As shown, a method 700 begins at step 701, where command scheduler 301 of video motion compensation unit 204 or other suitable control circuit or system stores a first data block associated with a first processing engine in a first portion of a ring buffer memory. For example, a module of video decoding unit 120 may determine that a particular data block should undergo interpolation, so this data block is retrieved from system memory 104 and loaded into the first available storage volume in ring buffer 302 as the last entry in ring buffer 302. In some embodiments, a specific interpolator may be designated for processing the data block, and in other embodiments, any interpolator of a specific type may be designated for processing the data block. For example, when the data block is a chroma data block, any of the interpolators in video compensation unit 204 that are compatible with processing a chroma data block may be designated for processing the data block. In some embodiments, command scheduler 301 also updates an allocation list (e.g., buffer allocation list 520) in step 701 that is associated with ring buffer 302. This allocation list is updated with an entry that includes a size of the first data block (e.g., in bytes) and a data type of the first data block (e.g., luma, chroma, bilinear, etc.).

In step 702, subsequent to storing the first data block, command scheduler 301 or other suitable control circuit or system stores a second data block associated with a second processing engine in a second portion of the ring buffer memory. Similar to step 701, a module of video decoding unit 120 may determine that a particular data block should undergo interpolation. This data block is retrieved from system memory 104 and loaded into an available storage volume in ring buffer 302 that is later in the processing queue than the data block stored in ring buffer 302 in step 701.

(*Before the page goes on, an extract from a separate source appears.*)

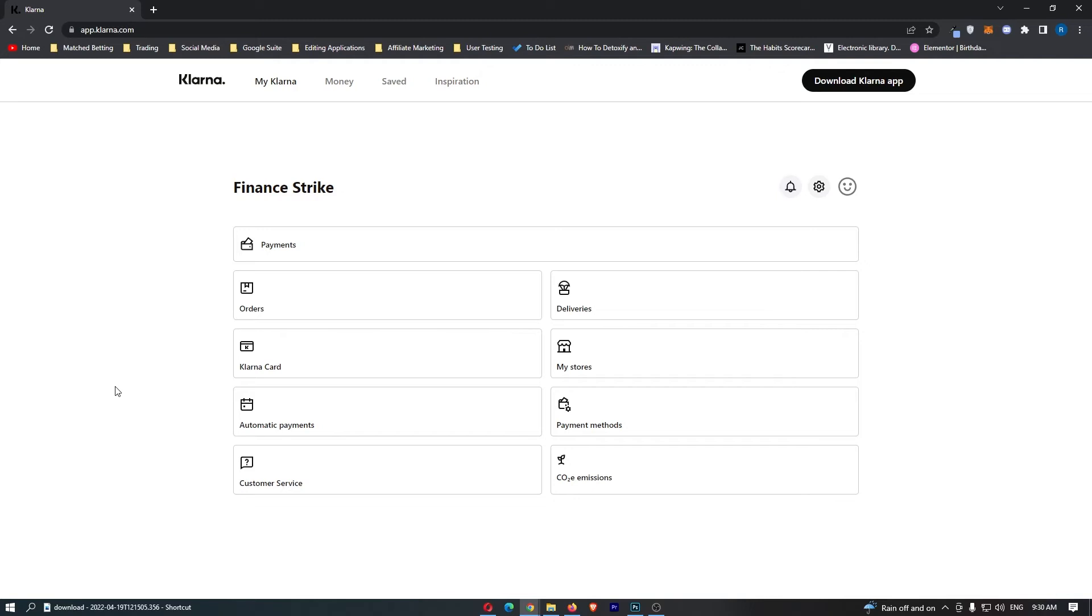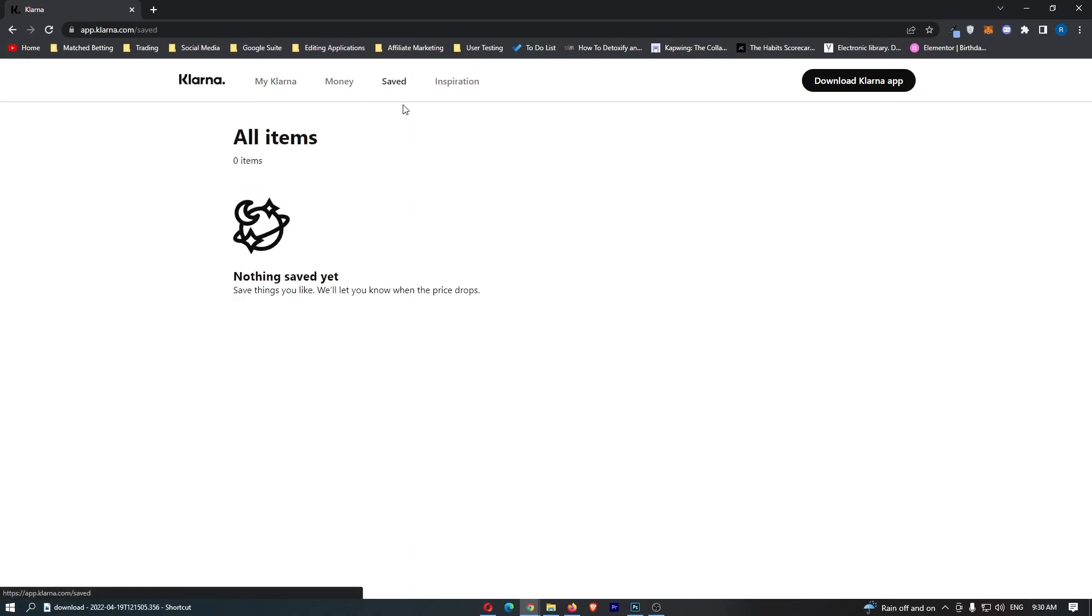To do this, you want to load up Klarna right here and sign in to your account. Once you have signed in, all we need to do is come up to saved right here at the top, and this is going to show you all of your saved items.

In step 703, command scheduler 301 or other suitable control circuit or system receives a second process complete signal from the second processing engine while waiting for a first process complete signal from the first processing engine. Thus, the interpolator that processes the data block stored in step 702 completes the processing of this data block before the interpolator designated to process the data block stored in step 701 completes the processing of that data block. Because processing of the second data block begins after the processing of the first data block, this situation occurs when the processing of the second data block is completed more quickly than the processing of the first data block. It is noted that command scheduler 301 does not indicate that a portion of ring buffer 302 is now released and available for storing data. Instead, command scheduler 301 waits to receive a first process complete signal from the first processing engine.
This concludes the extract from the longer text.